Es war ein großartiger Sommernachmittag. Das begann schon mit dem Anblick von Andreas Neuendorf, der vor Beginn so gelassen über den Platz zu der Betreuerbank schritt, wie das einst Ronald Reagan für den Gang in den Sonnenuntergang des Lebens verheißen hatte. Das Spiel selbst war spannend und in vielerlei Hinsicht interessant: Die U15 spielte mit einer Dreierkette, woraus man sicher nicht allzuviel ableiten muss, allerdings ist abzusehen, dass diese Systemfrage (Dreier- bis Fünferkette) bei den Profis in der kommenden Saison wichtig werden wird - es könnte das Jahresthema werden, auch deswegen, weil daran die Frage nach einer Verbesserung der schwachen Offensivarbeit im zentralen Mittelfeld hängen kann.

Ich schaue mir so ein Nachwuchsspiel nicht an wie ein Scout, deswegen liegt mir auch nicht daran, hier schon Hertha-Stars der Zukunft zu entdecken - wenn, dann fiel mir übrigens von allem ein Knirps bei den Dresdnern auf, der deutlich kleiner war als die meisten, der aber ein paar schöne Aktionen hatte: Adam Cicovsky aus Tschechien, ein Legionär also, ein offensiver Mittelfeldspieler, für eine hängende Spitze ist er einfach körperlich nicht weit genug, zumal die Herthaner fast durchwegs physisch überlegen waren.

Am Ende stand es 5:3, und dann gab es sogar eine Dusche für den Coach (mit Fanta?), und das obligate "We are the Champions", das in diesem Fall natürlich auch Sinn macht.

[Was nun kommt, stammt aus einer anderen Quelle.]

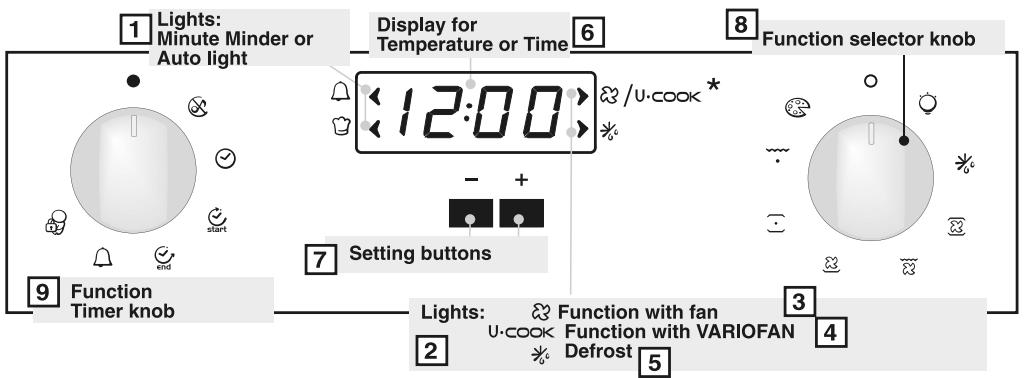 CANDY FPE649/6X - USE THE ELECTRONIC PROGRAMMER (Type A) - 1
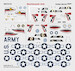 Sharkmouth Unit (6x camo schemes for P-40s of 51FG over CBI)  rd72-110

Denn abgesehen von der prinzipiellen Freude, an einem so traumhaften Tag auf einem guten Rasen guten Fußball spielen zu können, lebt so ein Match natürlich von dem latent immer vorhandenen Zusammenhang: Wer es einmal bis in die U15 von Hertha oder Dresden geschafft hat, könnte eines Tages vielleicht noch in einem viel bedeutenderen Moment die Hymne von Queen hören. Dieser epische Aspekt am Fußball hat mich immer schon besonders fasziniert, weil das eben auch bedeutet, Nebenschauplätze genauso wichtig zu nehmen.

Auf dem Weg nach Hause versuchte ich mir dann noch vorzustellen, wie das wäre, wenn in ein paar Jahren ein zweites Stadion in diesem großartigen Gelände des Olympiaparks stehen würde. Auch das wird ja noch eine epische Angelegenheit. Hoffentlich kommt da kein Blödsinn raus, aber ich würde es vorläufig einmal so sagen: Wenn auf den Platz vor die Gemäldegalerie und neben die Matthaikirche tatsächlich eine Kunsthalle mit den Ausmaßen des Entwurfs von Herzog und de Meuron passen soll, dann sollte ein Fußballstadion neben dem Olympiastadion sicher kein Problem sein. Im Gegenteil: der Entwurf ist so überzeugend, dass sich die anderen Überlegungen, das Oly umzubauen, doch im Grunde von selbst erübrigen müssten.